To my mind, Vonnegut understood the truth in what the anarchist wrote to his son.

Vonnegut was one of the good guys. He was a Bohemian in the sense that Herb Gold described one: somebody who identifies with the class just below instead of aspiring toward the class just above. In other words, he was turned toward those who were weaker, lending a hand, instead of standing on them to try and reach the next ledge of social exclusivity. And he was a master at seeing behind the ordinary, into the dreaming world.
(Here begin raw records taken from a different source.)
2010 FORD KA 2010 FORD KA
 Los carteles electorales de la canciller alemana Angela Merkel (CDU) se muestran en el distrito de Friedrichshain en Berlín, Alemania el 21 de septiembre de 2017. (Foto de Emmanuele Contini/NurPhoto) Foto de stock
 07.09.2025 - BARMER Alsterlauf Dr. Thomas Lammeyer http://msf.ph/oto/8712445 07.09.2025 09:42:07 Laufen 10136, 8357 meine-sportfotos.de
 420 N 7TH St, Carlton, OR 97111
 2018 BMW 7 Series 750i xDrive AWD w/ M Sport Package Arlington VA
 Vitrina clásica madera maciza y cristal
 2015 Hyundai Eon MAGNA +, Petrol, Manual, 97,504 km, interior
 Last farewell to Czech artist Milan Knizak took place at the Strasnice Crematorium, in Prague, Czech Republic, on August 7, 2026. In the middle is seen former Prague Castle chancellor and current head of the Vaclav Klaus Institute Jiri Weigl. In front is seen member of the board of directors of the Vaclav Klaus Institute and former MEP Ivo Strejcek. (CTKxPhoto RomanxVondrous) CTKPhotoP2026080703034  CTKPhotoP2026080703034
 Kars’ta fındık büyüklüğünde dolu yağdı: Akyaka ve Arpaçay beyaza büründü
The dreaming world is more connected to Shakespeare than to a book of prophesy and law. There are consequences to everything in the form of completion of the energy field. It's like karma, except that the consequences are not punishment, or even consequences for that matter. It is simpler than that. What appears to be a linear process of cause and effect is more accurately an energy field where opposing polarities always come up simultaneously. That's why in Chinese philosophy there is always a reminder, "No blame."

One of the reasons we can't understand the Iraqis is that they think in terms of pride and shame, focused downward on their family and friends and the impact of the information on them. If they lie, that isn't as wrong as bringing shame on their family. When the only function of a lie is to retain one's pride and avoid shame, it is a noble thing in one culture, but an impeachable offense in another.

"Your honor the public offender has learned that the accused has secretly taped his assignations with the young woman in question, assignations in poor taste indeed, your honor, as it is rumored he was wearing black socks during the entire sordid episode. What are we, Cubans?"

The cultural truths change like the weather, but the human heart has an objectivity that knows what is right and wrong by leaving half the space available, and empty, to be occupied by the other person's position. For example, one cannot fail to notice that while using an electric drill on another person's head might provide, at one polarity, the experience of torturer, there is a simultaneous and unconscious experience of the entire energy field. So the ego identity limits the scene, and divides it, but the larger field is the scene, with those polarities simultaneously energized. You can't have the one without the other, and the only way the torturer can avoid experiencing the other side of it is by shoring up the ego with more and more elaborate defenses. This requires energy, so that the completion of the whole experience waits outside the walls, like a countryside ...

Vonnegut was a writer who knew the human heart, and who saw the direction of the psyche into the abstract, preparing to cut itself loose from materiality altogether. And he saw the irony in this being the most feared enemy of those who believe somebody once cut himself loose from materiality and moved his existence into the abstract. They take a fundamentalist approach to higher consciousness:

"Lock your fingers together and push your hands palm up far as you can," he instructs, and when you do this he reaches underneath them (you are seated) and lifts.

"Arghhhh!"

"Notice how your consciousness instantly moved upward and into your fingers, and how at that moment your were completely unaware of your feet. Now come fire walk with me."

So goodbye, and god bless you, Mr. Rosewater. You were one of our best and brightest.